RECORD EXTRACTS section start
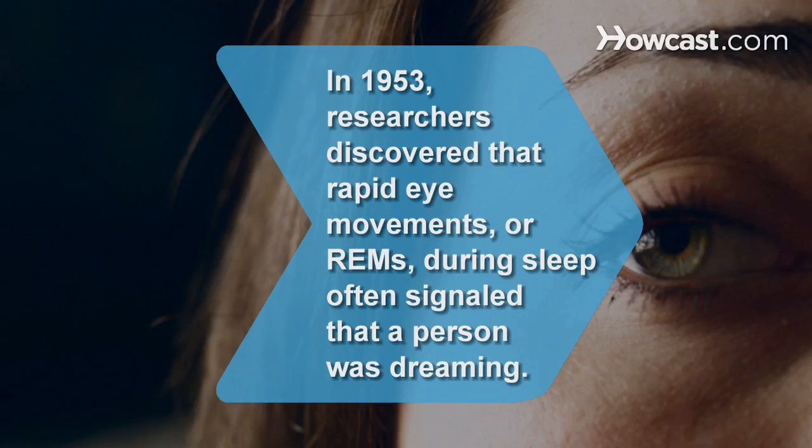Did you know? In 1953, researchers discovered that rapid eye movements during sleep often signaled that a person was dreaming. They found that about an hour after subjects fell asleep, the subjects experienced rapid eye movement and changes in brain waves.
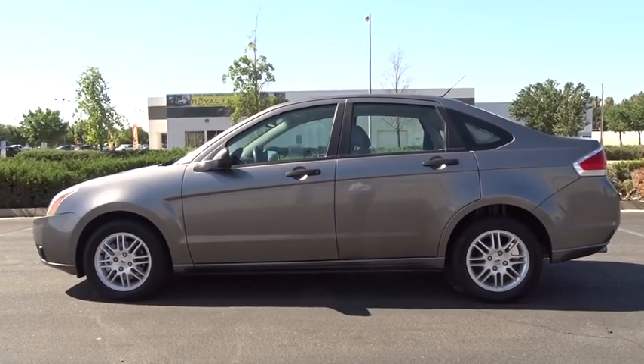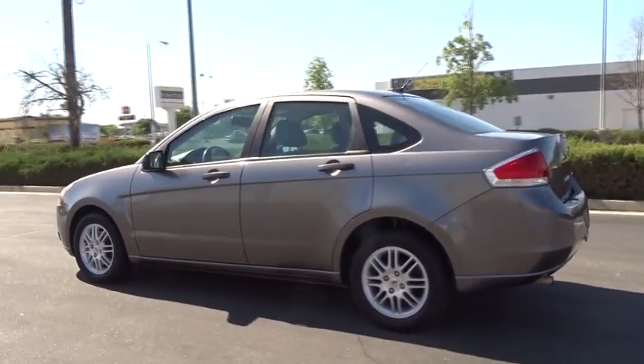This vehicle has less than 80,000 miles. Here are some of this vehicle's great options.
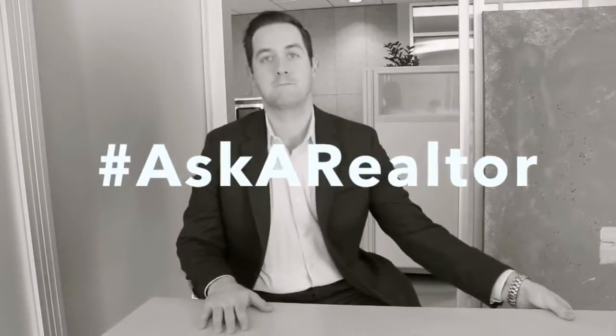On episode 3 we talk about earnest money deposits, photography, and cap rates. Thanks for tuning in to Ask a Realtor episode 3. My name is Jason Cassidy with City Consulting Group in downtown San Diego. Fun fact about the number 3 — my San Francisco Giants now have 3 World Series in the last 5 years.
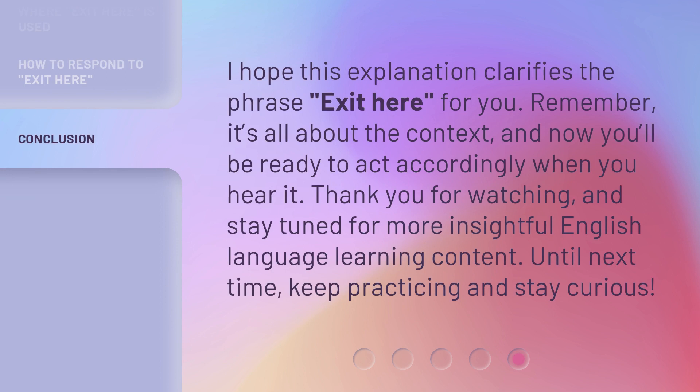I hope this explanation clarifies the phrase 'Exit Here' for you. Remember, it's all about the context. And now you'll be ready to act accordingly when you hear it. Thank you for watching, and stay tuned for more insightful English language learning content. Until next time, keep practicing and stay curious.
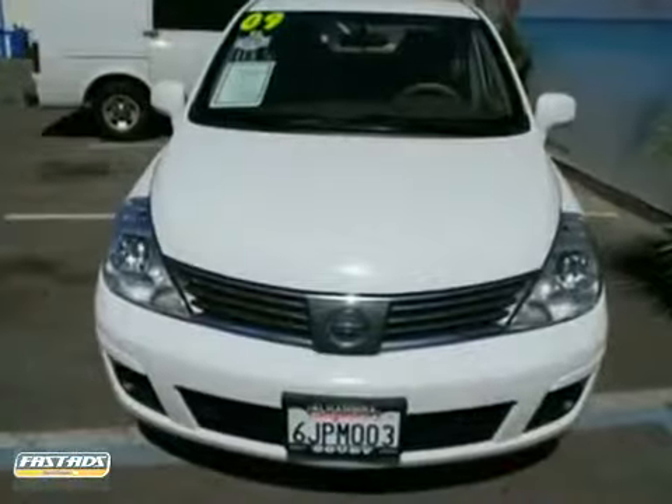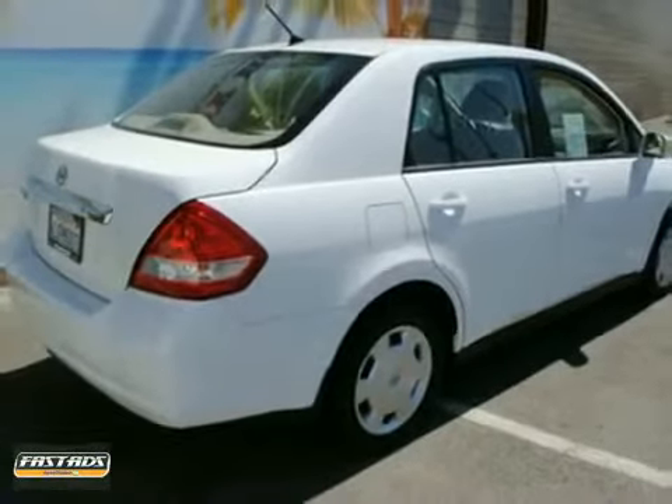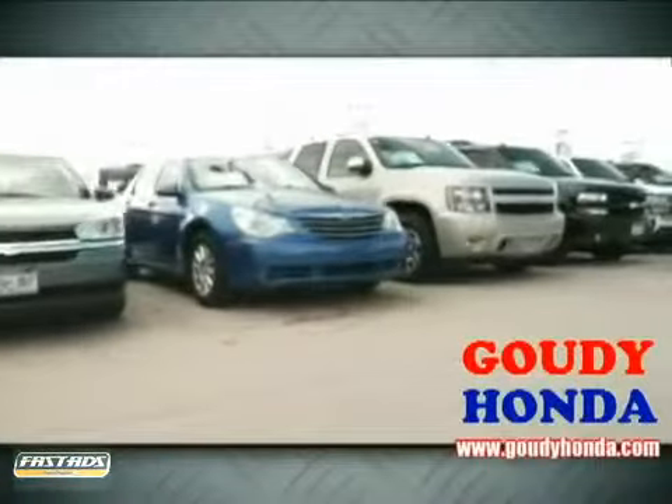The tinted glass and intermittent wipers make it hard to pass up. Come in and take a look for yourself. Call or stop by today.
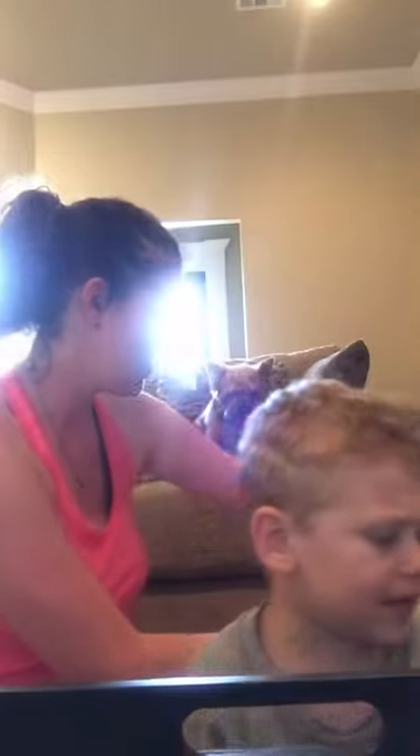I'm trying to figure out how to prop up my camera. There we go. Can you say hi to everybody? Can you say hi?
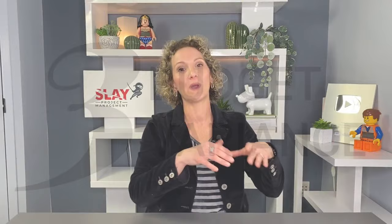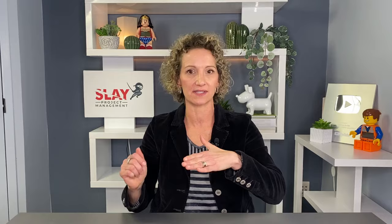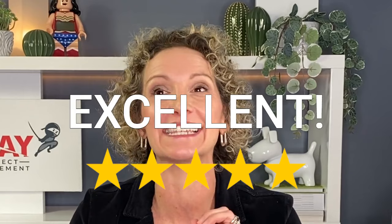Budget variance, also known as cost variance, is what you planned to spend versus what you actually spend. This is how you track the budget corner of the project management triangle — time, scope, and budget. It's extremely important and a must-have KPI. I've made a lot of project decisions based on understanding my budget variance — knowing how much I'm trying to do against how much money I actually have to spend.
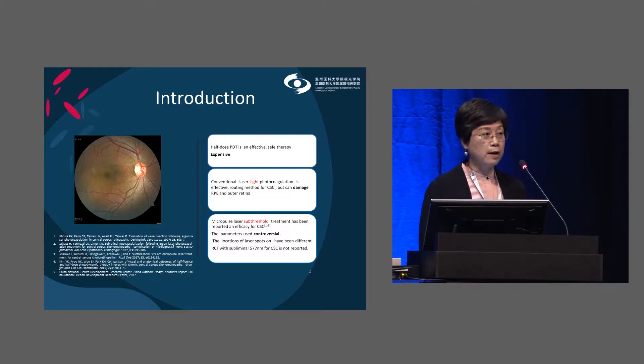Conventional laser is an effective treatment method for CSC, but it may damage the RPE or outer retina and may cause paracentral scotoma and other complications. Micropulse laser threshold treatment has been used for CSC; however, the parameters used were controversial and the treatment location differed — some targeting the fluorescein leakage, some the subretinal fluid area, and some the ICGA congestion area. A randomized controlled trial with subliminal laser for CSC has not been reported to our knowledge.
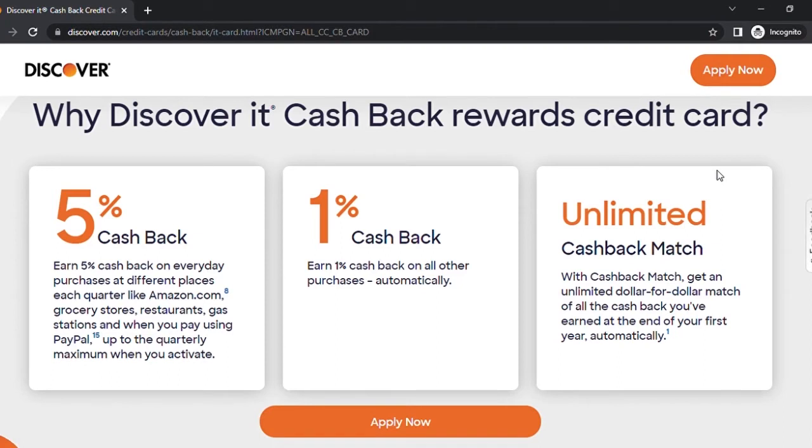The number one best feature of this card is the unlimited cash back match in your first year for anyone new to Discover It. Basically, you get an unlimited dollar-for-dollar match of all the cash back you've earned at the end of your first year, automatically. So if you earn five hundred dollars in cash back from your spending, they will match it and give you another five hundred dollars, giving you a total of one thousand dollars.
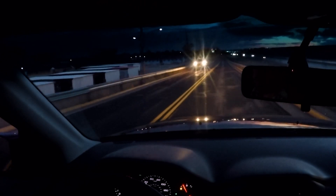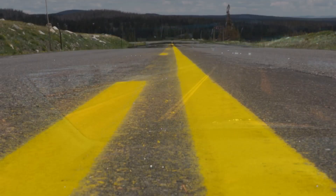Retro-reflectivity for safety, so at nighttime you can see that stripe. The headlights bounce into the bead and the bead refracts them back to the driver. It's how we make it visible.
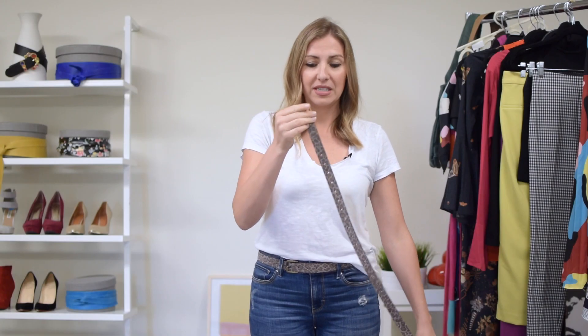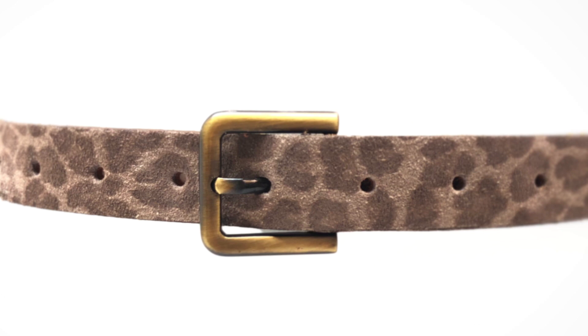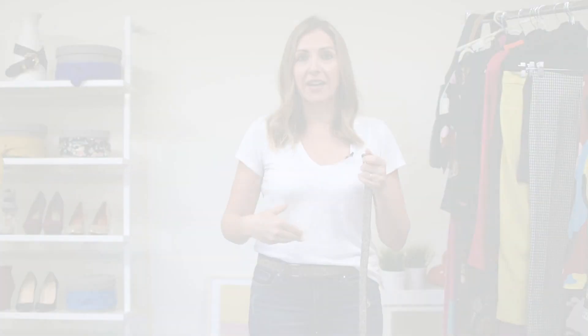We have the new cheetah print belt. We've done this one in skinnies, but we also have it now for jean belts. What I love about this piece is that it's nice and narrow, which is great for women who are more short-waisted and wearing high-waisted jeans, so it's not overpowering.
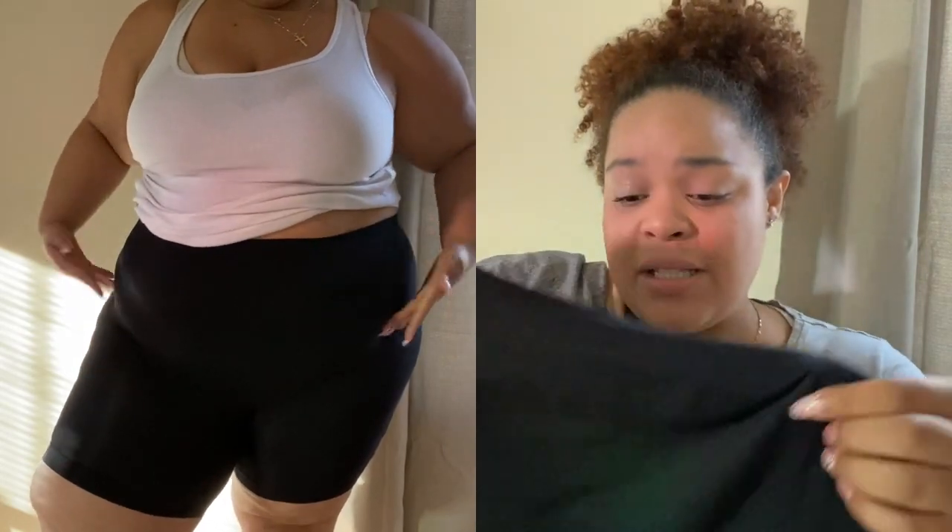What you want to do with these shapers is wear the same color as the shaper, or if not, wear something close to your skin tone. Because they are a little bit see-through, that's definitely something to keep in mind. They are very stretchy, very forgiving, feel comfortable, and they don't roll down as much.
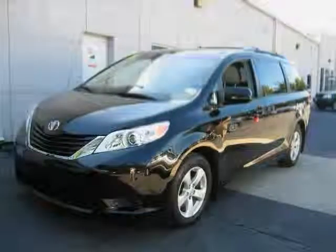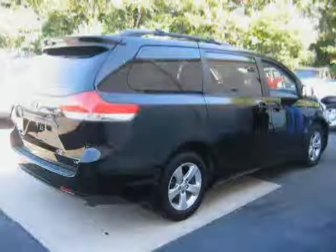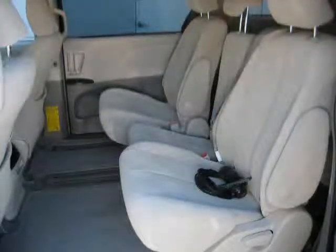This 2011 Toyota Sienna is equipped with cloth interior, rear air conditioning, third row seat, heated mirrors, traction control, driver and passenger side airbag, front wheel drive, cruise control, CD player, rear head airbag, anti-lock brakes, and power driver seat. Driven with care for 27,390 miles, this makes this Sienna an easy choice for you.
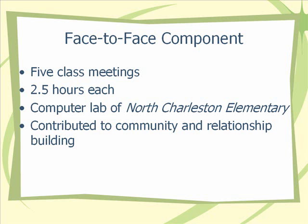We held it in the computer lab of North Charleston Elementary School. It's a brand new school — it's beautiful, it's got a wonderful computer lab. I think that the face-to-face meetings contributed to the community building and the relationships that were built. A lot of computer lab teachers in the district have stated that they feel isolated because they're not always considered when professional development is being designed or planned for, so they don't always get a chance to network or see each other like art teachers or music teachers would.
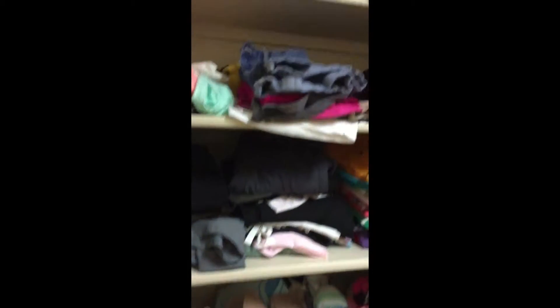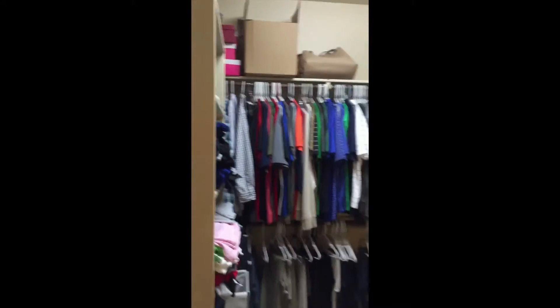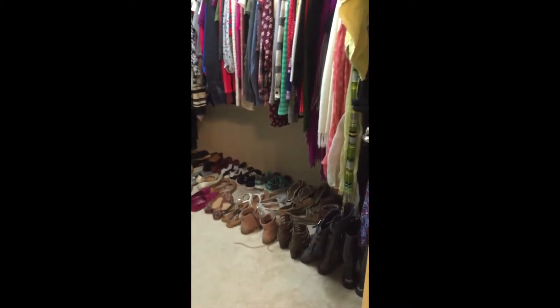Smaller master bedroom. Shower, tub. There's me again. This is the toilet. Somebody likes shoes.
RECORD EXTRACTS section end
### PROBLEM REQUIREMENTS
Look back at the data above, then output exactly the lines from the line holding "The tinted glass" up to and including the line holding "Retro-reflectivity for safety, so". Leave out the pictures.

### SOLVED PROBLEM
The tinted glass and intermittent wipers make it hard to pass up. Come in and take a look for yourself. Call or stop by today.
I'm trying to figure out how to prop up my camera. There we go. Can you say hi to everybody? Can you say hi?
Budget variance, also known as cost variance, is what you planned to spend versus what you actually spend. This is how you track the budget corner of the project management triangle — time, scope, and budget. It's extremely important and a must-have KPI. I've made a lot of project decisions based on understanding my budget variance — knowing how much I'm trying to do against how much money I actually have to spend.
Conventional laser is an effective treatment method for CSC, but it may damage the RPE or outer retina and may cause paracentral scotoma and other complications. Micropulse laser threshold treatment has been used for CSC; however, the parameters used were controversial and the treatment location differed — some targeting the fluorescein leakage, some the subretinal fluid area, and some the ICGA congestion area. A randomized controlled trial with subliminal laser for CSC has not been reported to our knowledge.
The number one best feature of this card is the unlimited cash back match in your first year for anyone new to Discover It. Basically, you get an unlimited dollar-for-dollar match of all the cash back you've earned at the end of your first year, automatically. So if you earn five hundred dollars in cash back from your spending, they will match it and give you another five hundred dollars, giving you a total of one thousand dollars.
Retro-reflectivity for safety, so at nighttime you can see that stripe. The headlights bounce into the bead and the bead refracts them back to the driver. It's how we make it visible.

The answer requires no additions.